Day 43: Implement Log Compaction for State Management
What We’re Building Today
Today we’re implementing a production-grade state management system using Kafka log compaction:
Compacted Topics that maintain only the latest state for each entity key
State Producer Service generating entity lifecycle events with proper keying
State Consumer Service maintaining current entity snapshots from the compacted log
State Query API providing fast lookups of current entity state with Redis caching
Why This Matters: The State Management Challenge at Scale
Every distributed system faces the same fundamental challenge: how do you maintain current state across dozens of microservices without creating a monolithic database bottleneck?

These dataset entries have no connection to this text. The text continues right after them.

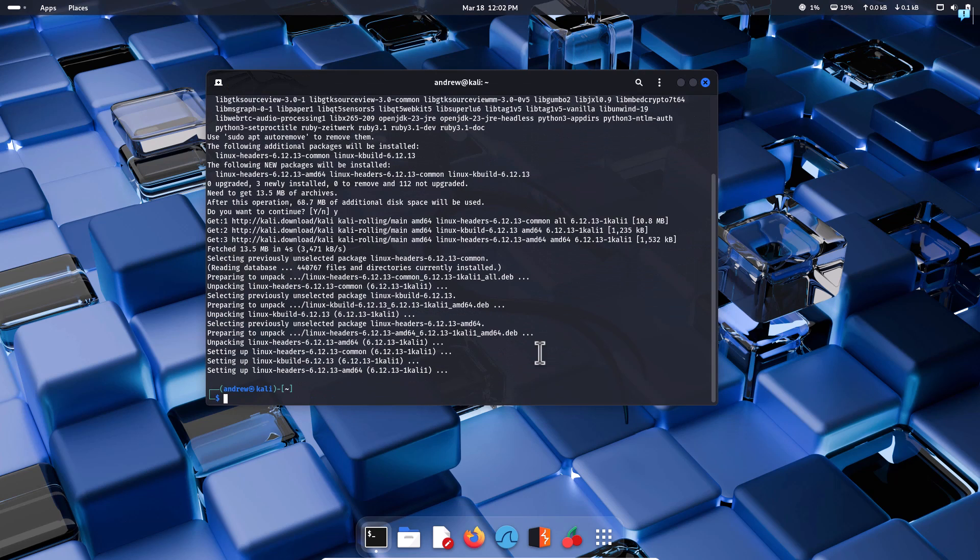So that is it. That's how you are able to install Kali Linux in a virtual machine environment. In case you have any questions, please make sure that you put it in the comment section and I will be answering those questions. See you in the next video. Thank you.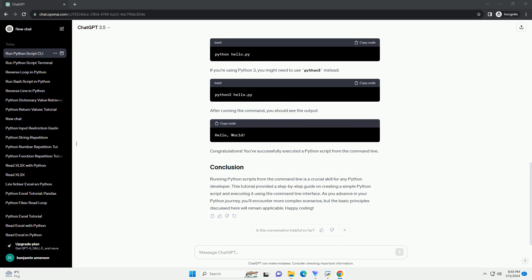As you advance in your Python journey, you'll encounter more complex scenarios, but the basic principles discussed here will remain applicable. Happy coding! ChatGPT.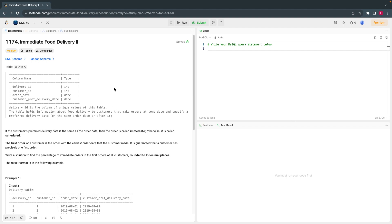Hello everyone, welcome back. Today, let's solve the 21st interview question from LeetCode's SQL 50 interview questions.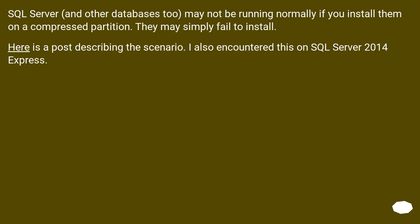SQL Server, and other databases too, may not be running normally if you install them on a compressed partition. They may simply fail to install. Here is a post describing the scenario. I also encountered this on SQL Server 2014 Express.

Traditional approaches fail at scale. Storing complete event histories consumes unbounded storage. Database-per-service patterns create consistency nightmares during failures. Cache invalidation becomes impossibly complex with hundreds of service instances.
Log compaction solves this by treating your event log as a self-maintaining state store. Instead of storing every state transition, Kafka automatically retains only the latest value for each key. This gives you the benefits of event sourcing (complete audit trail, replayability, temporal queries) while maintaining bounded storage and fast state reconstruction.
Netflix uses this pattern to maintain current device registration state across 200+ million subscribers. When a device registers, deregisters, or updates settings, those events flow through compacted topics. Any service can rebuild complete device state by consuming from offset 0, getting only current registrations. Uber applies the same pattern to driver location state, maintaining billions of location updates while keeping storage constant.